Annesi hiçbir şey söylemeden mutfağa geçerek hemen bir çorba yapmaya koyuldu..Bba da arabayı boşaltıp,atların karınlarını doyurduktan sonra içeriye girdi..Hanife hala rüyada gibiydi..Mutluluktan uçuyordu adeta..Annesinin ve babasının kendisini israrla çağırmalarını duymadı bile..Yatağının üzerine kendini bırakmış,derin hülyalara dalmış gitmişti..
Babası sabah ezanını okurken, hergün onun sesiyle uyanmak çok büyük bir huzur ve güven veriyordu Hanife'ye..Annesinin çayı koymasını isteyen sesini duydu..Hızla yatağından kalktı.Yüzünü yıkadı..İki siyah örüğünü arkadan birleştirdi.Başına bir tülbent bağlayıp arka tarafa,mutfağa geçti..Babasının gelmesine yarım saat vardı.Çayı koydu,kahvaltı tepsisini hazırlarken, yine aklına dün pazarda yaşadığı o muhteşem dakikalar geldi.. Hasan'ın kendisine sevgiyle bakan ela gözleri geldi..Vücudunu derinden bir ürperti sardı..Bu bir hafta nasıl geçecekti yarabbim..

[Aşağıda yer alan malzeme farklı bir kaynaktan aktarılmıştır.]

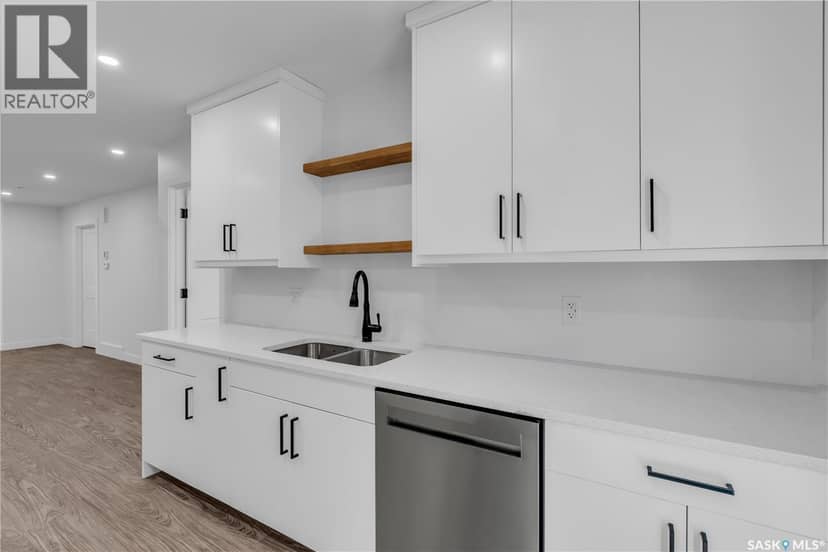 516 K Avenue S — photo 8 of 22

Kahvaltıya oturduklarında saat 6 ya geliyordu..Başka mahallelerden gelen diğer horozların sesi, kümeslerindeki kırmızı horozun bağırışına cevap veriyordu adeta..Acaba ne demek istiyorlardı kendi aralarında..Hanife bu soronon cevabını beş yaşından itibaren bir türlü bulamamıştı..Kaç kere ağabeyilerine ve arkadaşlarına sorduysa, hepsi de gülüp geçmişlerdi kendisine..
Babasının sesiyle irkildi birden..Hasta olup olmadığını,dün akşam yemeğe niçin gelmediğini falan soruyordu..Pazarda çok yorulduğunu,uyuyup kaldığını söyleyerek babasının sorularını geçiştirdi..Ama annesinin sorusu kafasının içinde tokmak etkisi yaratmıştı..Yeşil meydanlıkta niçin çok fazla oyalandığını,bu yüzden geciktiklerini ve babasının merak içinde kaldığını azarlar bir şekilde Hanife'ye soruyordu..Aslında annesinin sormak istediği başka birşeydi ,bunu kocasıyla da paylaşmıştı besbelli..Ama Hanife'den duymak istiyorlardı her ikisi de..Yeşil meydanda bir arkadaş bulup bulmadığını merak ediyorlardı..Üzümcüdeki o yakışıklı çocuğun, dün aniden ortadan kayboluşuyla annesi biraz tahmin ediyordu gerçi..
.Eğer anne ve babasına söylerse,onlar bu durumu olgunlukla karşılayacaklar,belki de en kısa zamanda Hasan'la kendisini evlendireceklerdi..Bu düşünceler içindeyken, annesinin biraz daha sert, ikinci sorgu dolu sesini duydu..Hanife şimdi kafasından geçen onlarca cevaptan hangisini vereceğini şaşırmış bir şekilde kıvranırken,kendisinin bile tanıyamadığı içinden gelen garip bir sesle annesine cevap verdi..Evet dün patikalı meydanda üzümcüdeki o yakışıklı çocukla tanışmışlardı..Anne ve babası birbirlerinin yüzüne baktılar..Sonra babası sevgi dolu,yumuşak bir sesle bu çocuğun hangi köyden olduğunu ve kimlerden olduğunu sordu..Hanife dünkü o çok kısaymış gibi görünen zamanda Hasan'la neler konuştuklarını,köyünü ve ailesini kısaca anne ve babsına anlattı..O anlatırken babsının yüzünün gerildiğini,annesinin ise kaşlarının çatıldığını görebiliyor ve buna bir anlam veremiyordu..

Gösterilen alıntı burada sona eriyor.